The answer should be the exact lines from the line containing "favshare.com 1" through the last line of the material below, with no pictures.

RECORD SET Block Start

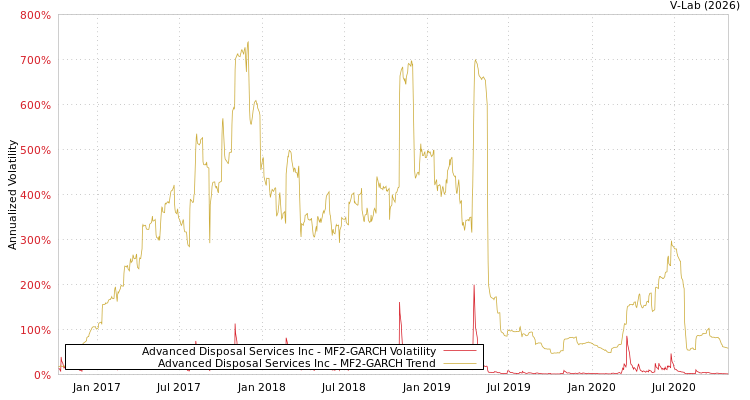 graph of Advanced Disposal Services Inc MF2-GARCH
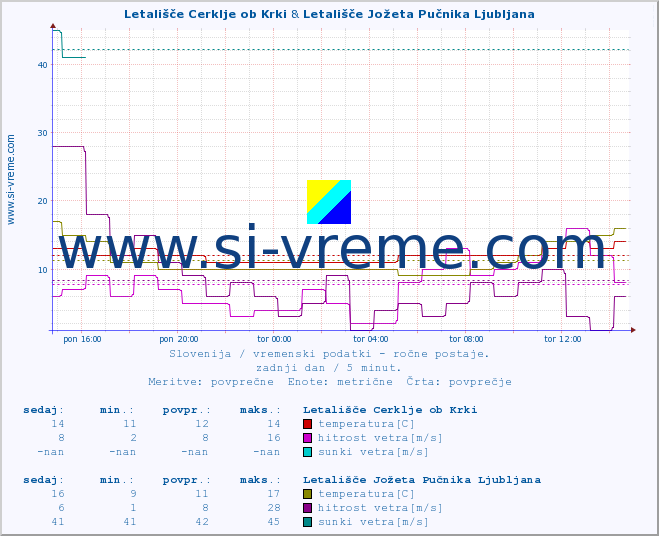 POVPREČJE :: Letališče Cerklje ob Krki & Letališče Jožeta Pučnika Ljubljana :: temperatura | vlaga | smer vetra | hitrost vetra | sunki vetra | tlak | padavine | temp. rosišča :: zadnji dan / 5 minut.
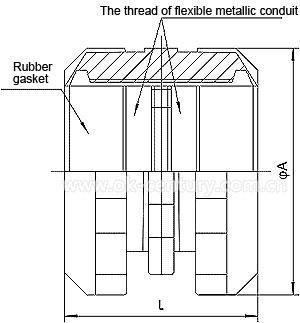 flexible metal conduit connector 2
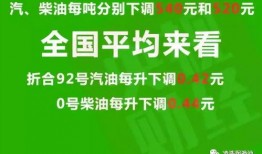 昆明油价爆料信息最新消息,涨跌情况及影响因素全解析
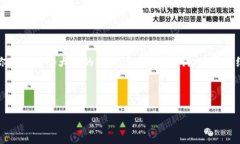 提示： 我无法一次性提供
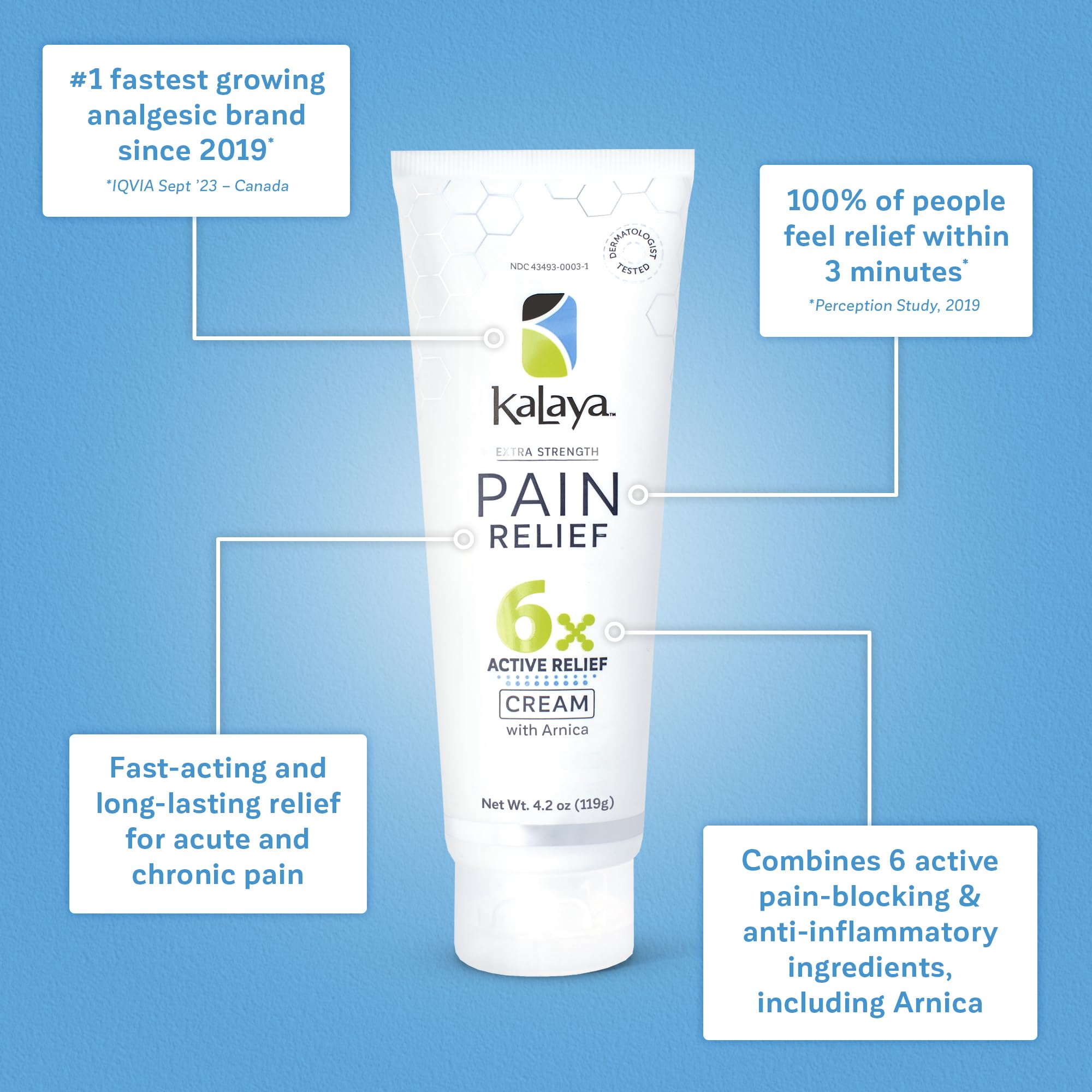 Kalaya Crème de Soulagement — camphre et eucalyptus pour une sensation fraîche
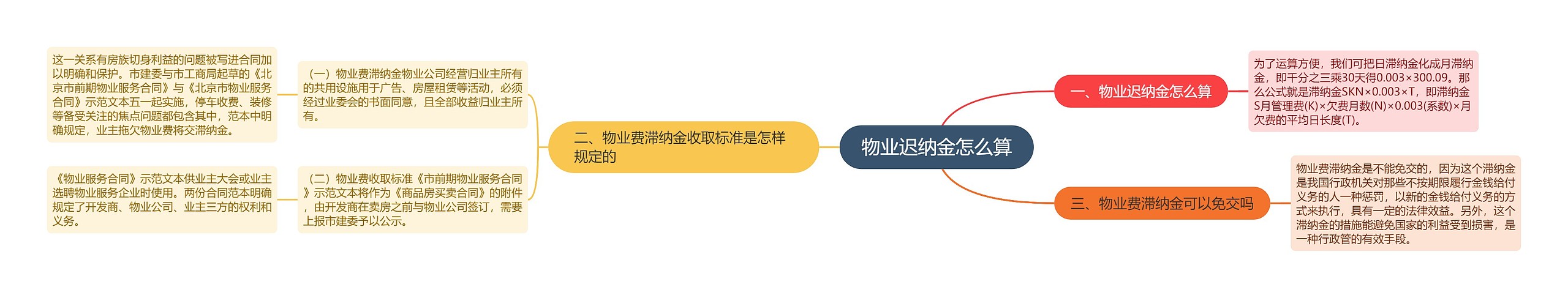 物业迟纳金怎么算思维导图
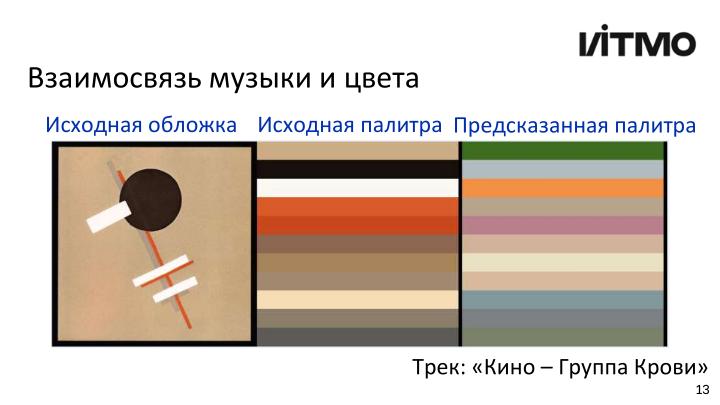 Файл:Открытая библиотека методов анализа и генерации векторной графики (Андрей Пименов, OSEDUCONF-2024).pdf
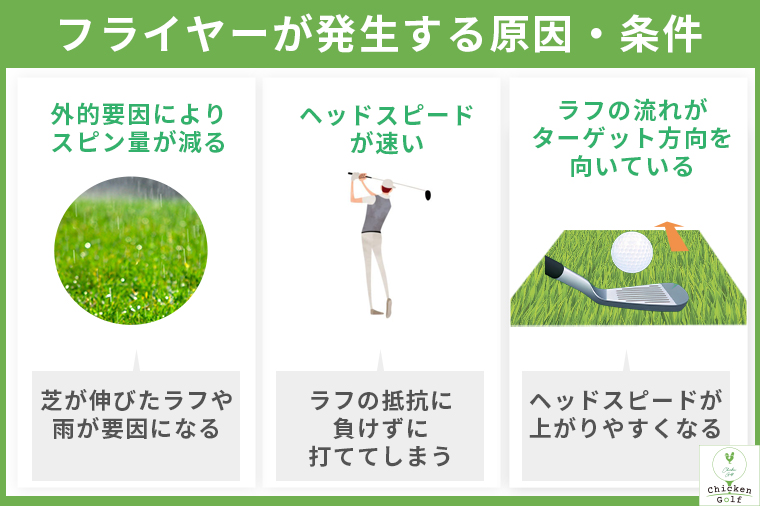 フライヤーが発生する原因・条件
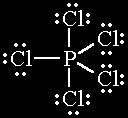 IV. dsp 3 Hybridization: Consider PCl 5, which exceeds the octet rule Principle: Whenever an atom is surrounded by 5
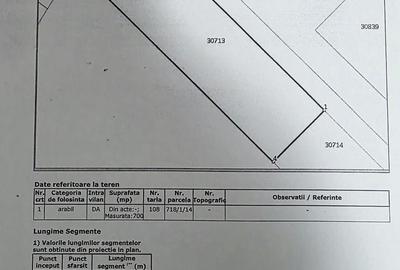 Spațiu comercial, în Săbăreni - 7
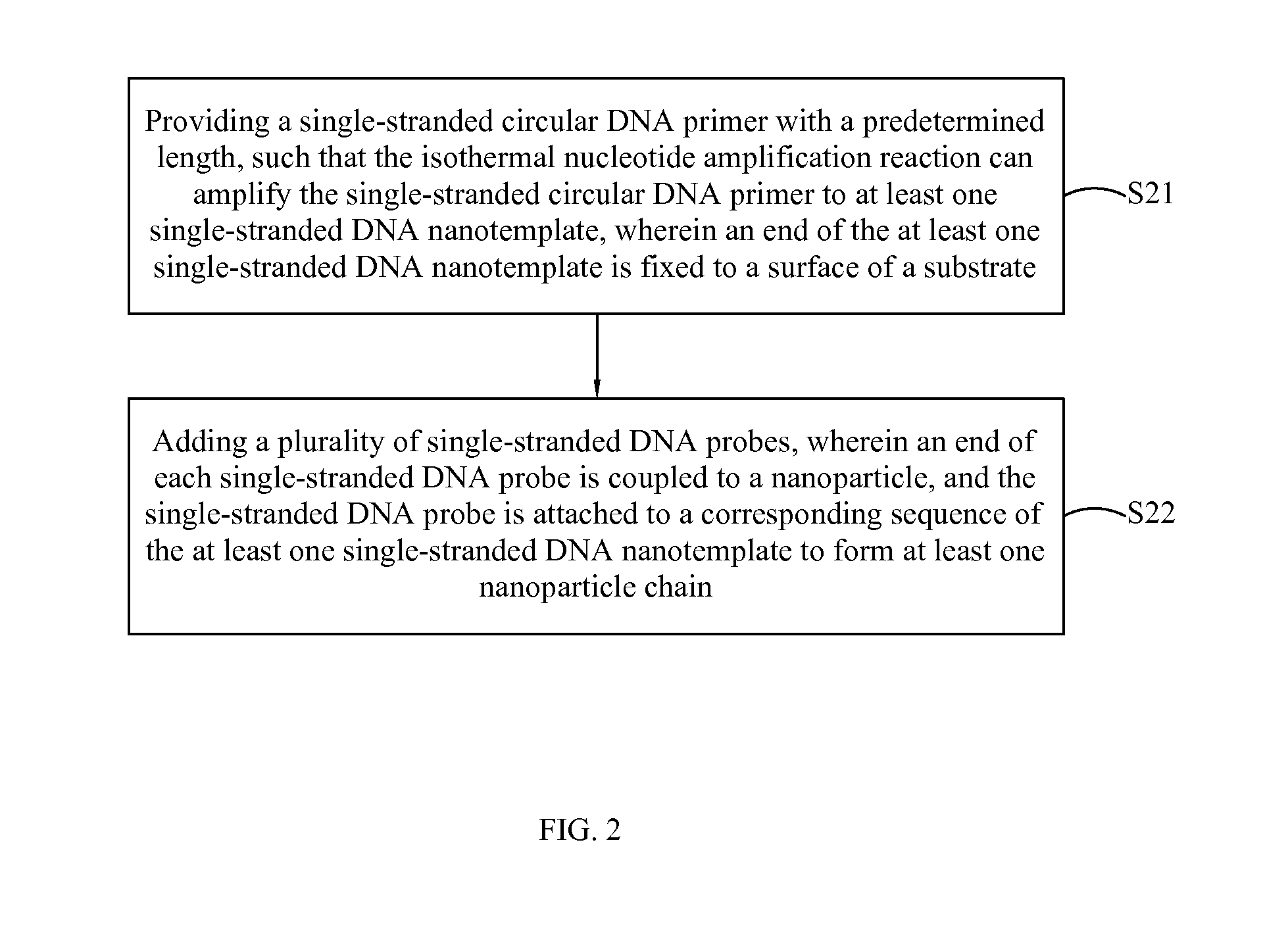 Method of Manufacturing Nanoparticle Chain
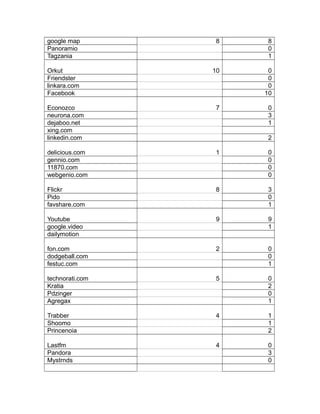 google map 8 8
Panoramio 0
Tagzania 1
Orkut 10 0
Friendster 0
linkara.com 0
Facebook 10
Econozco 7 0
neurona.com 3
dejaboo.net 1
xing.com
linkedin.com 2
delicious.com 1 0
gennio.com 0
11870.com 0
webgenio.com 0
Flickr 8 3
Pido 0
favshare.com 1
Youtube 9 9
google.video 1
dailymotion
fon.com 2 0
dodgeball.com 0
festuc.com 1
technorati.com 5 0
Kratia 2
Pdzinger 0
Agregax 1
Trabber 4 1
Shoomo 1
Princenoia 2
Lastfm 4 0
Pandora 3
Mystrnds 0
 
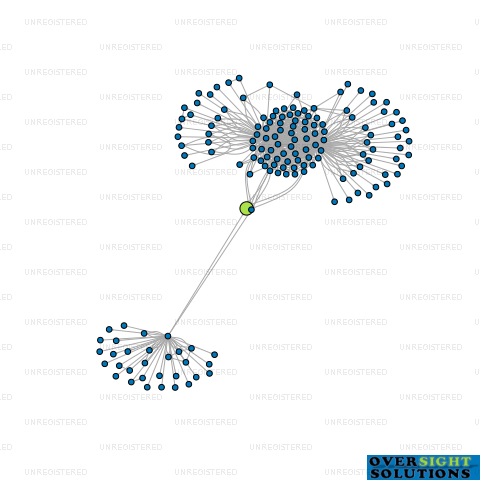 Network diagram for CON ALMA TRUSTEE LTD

RECORD SET Block End

## SOLUTION TO THE EXERCISE
favshare.com 1
Youtube 9 9
google.video 1
dailymotion
fon.com 2 0
dodgeball.com 0
festuc.com 1
technorati.com 5 0
Kratia 2
Pdzinger 0
Agregax 1
Trabber 4 1
Shoomo 1
Princenoia 2
Lastfm 4 0
Pandora 3
Mystrnds 0
 
 Network diagram for CON ALMA TRUSTEE LTD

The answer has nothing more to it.